Same here. Deswegen war die Frage auch nicht als Beratung für das Genre zu verstehen, sondern war allgemein gehalten. Ich möchte einfach nur wissen, wovon XCOM2 nach abgeschlossener Kampagne lebt. Was macht den Wiederspielwert aus? Ich frage, weil ich mit XCOM2 neu in die Reihe eingestiegen bin und Spieler mit etlichen hundert Spielstunden bei den Vorgängern angetroffen habe.


----------



## Elektrostuhl (12. Februar 2016)

Herbboy schrieb:


> mit dem Umgehen des Kopierschutzes, nehme ich mal an ^^



Wir brauchen ein Stilblüten-Thread!


----------



## Scholdarr (13. Februar 2016)

Elektrostuhl schrieb:


> Ich frage, weil ich mit XCOM2 neu in die Reihe eingestiegen bin und Spieler mit etlichen hundert Spielstunden bei den Vorgängern angetroffen habe.

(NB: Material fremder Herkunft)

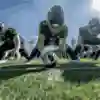 Five Vienna Vikings players crouch in a scrimmage line, one holding the ball
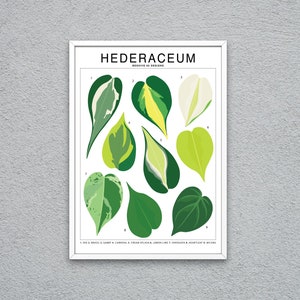 Hederaceum Plant Species (Large) Art Print | Houseplant Artwork Wall Decor | Tropical Plant Identification | Leaf ID Chart Philodendron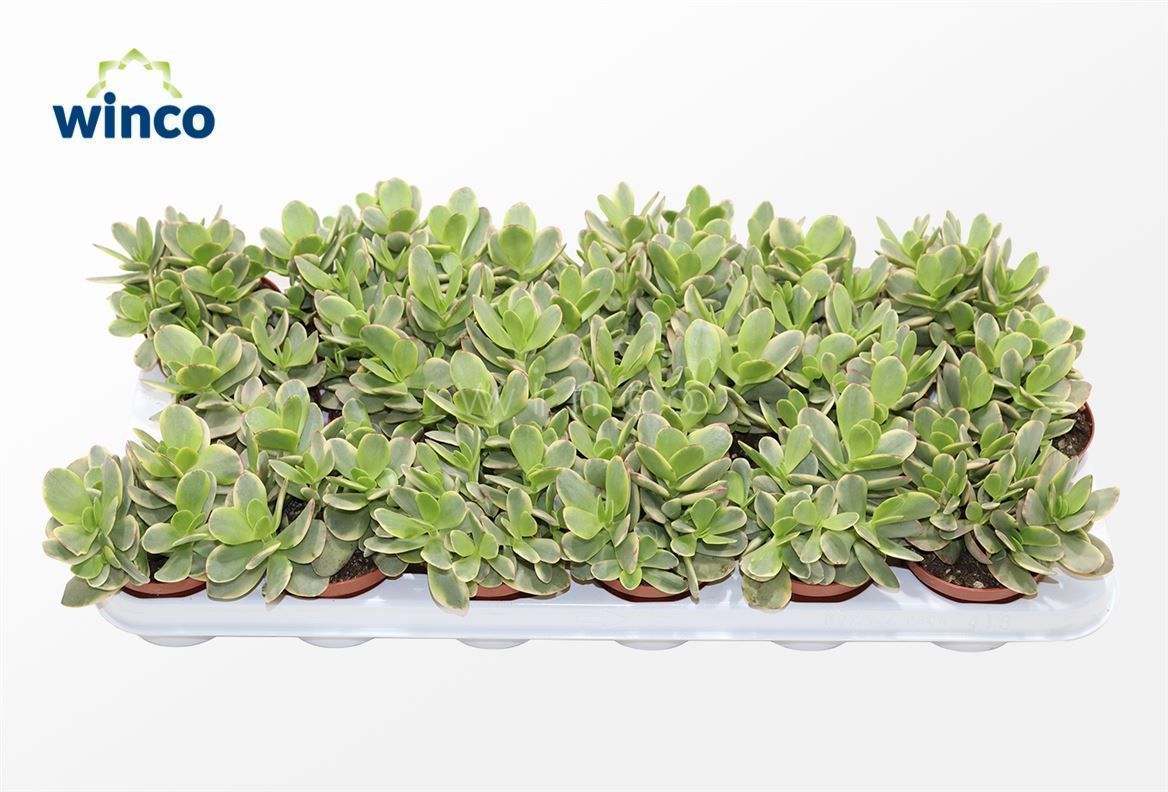 Crassula Rusby Variegata, D 8,5 cm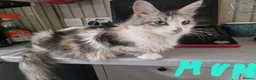Mixed Breed cats for sale: Female - mix Maine Coon - Advert 2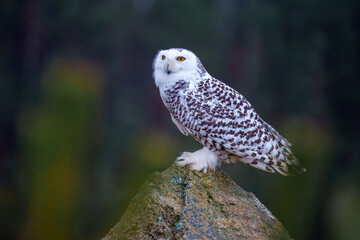 The snowy owl (Bubo scandiacus), also known as the polar owl, the white owl and the Arctic owl, is a large, white owl of the true owl family. Flying.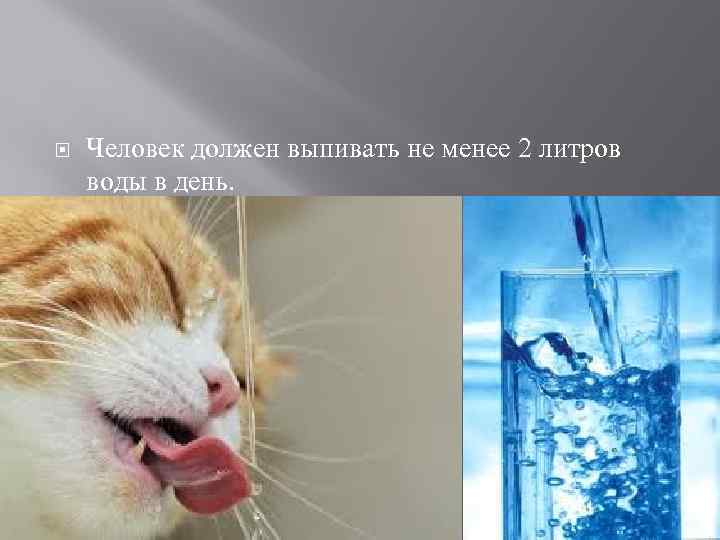  Человек должен выпивать не менее 2 литров воды в день. 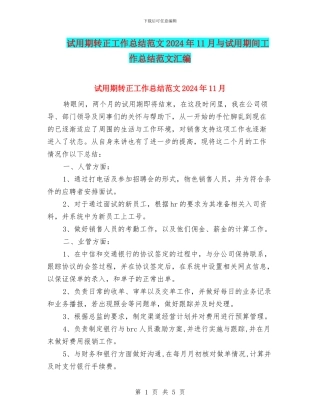试用期转正工作总结范文2024年11月与试用期间工作总结范文汇编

Hm, eigentlich gibt es nur die Kampagne, die du erneut durchspielen kannst, evtl. mit anderen Taktiken/Klassen und auf einen höheren Schwierigkeitsgrad.

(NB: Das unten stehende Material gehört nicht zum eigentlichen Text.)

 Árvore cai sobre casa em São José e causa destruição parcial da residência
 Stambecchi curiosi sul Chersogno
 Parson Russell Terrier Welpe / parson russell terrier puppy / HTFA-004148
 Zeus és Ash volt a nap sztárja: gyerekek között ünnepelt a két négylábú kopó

Ansonsten kannst du nur noch auf Mods warten.


----------



## Elektrostuhl (13. Februar 2016)

Scholdarr schrieb:


> Hm, eigentlich gibt es nur die Kampagne, die du erneut durchspielen kannst, evtl. mit anderen Taktiken/Klassen und auf einen höheren Schwierigkeitsgrad.



Hab ich mir fast schon gedacht. Dürfte auch reichen. Bis zum Commander ist eh noch ein langer Weg für mich. Wie ist eigentlich der Schwierigkeitsgrad Commander? Also für jemanden, der von sich behaupten würde, er kenne diese Reihe oder Rundenstrategie allgemein gut. Schwierig? Man liest ja viel darüber, dass u.a. auch der Schwierigkeitsgrad angezogen wurde in XCOM2. Mich hat das Ding gerade auf leicht so fertig gemacht. Ein ganzes Team verheizt. 



Scholdarr schrieb:


> Ansonsten kannst du nur noch auf Mods warten.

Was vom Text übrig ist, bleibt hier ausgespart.